#### Material shown
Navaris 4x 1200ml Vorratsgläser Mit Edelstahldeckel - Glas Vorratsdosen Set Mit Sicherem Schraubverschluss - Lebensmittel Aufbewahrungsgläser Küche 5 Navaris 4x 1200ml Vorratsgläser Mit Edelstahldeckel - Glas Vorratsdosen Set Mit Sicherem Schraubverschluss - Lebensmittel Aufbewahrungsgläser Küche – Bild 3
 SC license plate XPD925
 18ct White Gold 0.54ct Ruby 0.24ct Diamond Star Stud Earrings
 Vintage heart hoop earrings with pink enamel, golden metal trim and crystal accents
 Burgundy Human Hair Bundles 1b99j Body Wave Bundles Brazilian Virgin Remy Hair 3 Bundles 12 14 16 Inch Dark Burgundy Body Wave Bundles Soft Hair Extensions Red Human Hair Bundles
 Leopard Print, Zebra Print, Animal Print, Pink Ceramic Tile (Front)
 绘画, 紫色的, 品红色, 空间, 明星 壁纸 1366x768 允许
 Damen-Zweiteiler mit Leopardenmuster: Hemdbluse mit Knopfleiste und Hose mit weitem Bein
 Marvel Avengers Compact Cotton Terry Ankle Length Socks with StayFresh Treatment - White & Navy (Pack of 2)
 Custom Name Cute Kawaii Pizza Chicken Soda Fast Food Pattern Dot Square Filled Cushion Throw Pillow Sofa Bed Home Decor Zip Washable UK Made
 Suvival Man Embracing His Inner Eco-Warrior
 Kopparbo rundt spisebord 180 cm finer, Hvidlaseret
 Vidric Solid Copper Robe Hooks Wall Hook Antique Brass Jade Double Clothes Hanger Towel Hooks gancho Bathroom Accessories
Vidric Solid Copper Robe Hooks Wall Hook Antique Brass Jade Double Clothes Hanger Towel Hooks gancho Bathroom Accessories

#### Task directions
Take each line above that contains "Double" and copy it out.

#### Response
 Vidric Solid Copper Robe Hooks Wall Hook Antique Brass Jade Double Clothes Hanger Towel Hooks gancho Bathroom Accessories
Vidric Solid Copper Robe Hooks Wall Hook Antique Brass Jade Double Clothes Hanger Towel Hooks gancho Bathroom Accessories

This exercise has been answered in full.